BEGIN
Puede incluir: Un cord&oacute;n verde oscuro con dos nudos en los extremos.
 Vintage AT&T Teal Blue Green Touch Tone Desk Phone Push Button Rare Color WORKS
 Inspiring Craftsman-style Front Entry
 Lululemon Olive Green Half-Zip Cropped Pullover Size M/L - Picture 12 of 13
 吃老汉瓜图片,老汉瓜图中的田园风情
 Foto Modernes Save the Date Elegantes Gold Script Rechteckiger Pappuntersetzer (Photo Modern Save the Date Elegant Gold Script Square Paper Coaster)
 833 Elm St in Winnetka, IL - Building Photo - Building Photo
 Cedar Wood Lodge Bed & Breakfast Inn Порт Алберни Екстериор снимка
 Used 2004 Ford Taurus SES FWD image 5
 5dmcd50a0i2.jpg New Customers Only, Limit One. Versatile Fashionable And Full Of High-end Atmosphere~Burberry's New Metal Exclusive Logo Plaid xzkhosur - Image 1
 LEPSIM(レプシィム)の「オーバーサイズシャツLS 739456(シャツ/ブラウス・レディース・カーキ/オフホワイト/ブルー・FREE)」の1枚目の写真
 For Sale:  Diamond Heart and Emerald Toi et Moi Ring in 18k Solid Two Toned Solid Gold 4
END
• [Your goal]:
What are the lines from the one with "吃老汉瓜图片,老汉瓜图中的田园风情" through the end of the entries? Give them again exactly, both end lines included.

• [Exercise solution]:
 吃老汉瓜图片,老汉瓜图中的田园风情
 Foto Modernes Save the Date Elegantes Gold Script Rechteckiger Pappuntersetzer (Photo Modern Save the Date Elegant Gold Script Square Paper Coaster)
 833 Elm St in Winnetka, IL - Building Photo - Building Photo
 Cedar Wood Lodge Bed & Breakfast Inn Порт Алберни Екстериор снимка
 Used 2004 Ford Taurus SES FWD image 5
 5dmcd50a0i2.jpg New Customers Only, Limit One. Versatile Fashionable And Full Of High-end Atmosphere~Burberry's New Metal Exclusive Logo Plaid xzkhosur - Image 1
 LEPSIM(レプシィム)の「オーバーサイズシャツLS 739456(シャツ/ブラウス・レディース・カーキ/オフホワイト/ブルー・FREE)」の1枚目の写真
 For Sale:  Diamond Heart and Emerald Toi et Moi Ring in 18k Solid Two Toned Solid Gold 4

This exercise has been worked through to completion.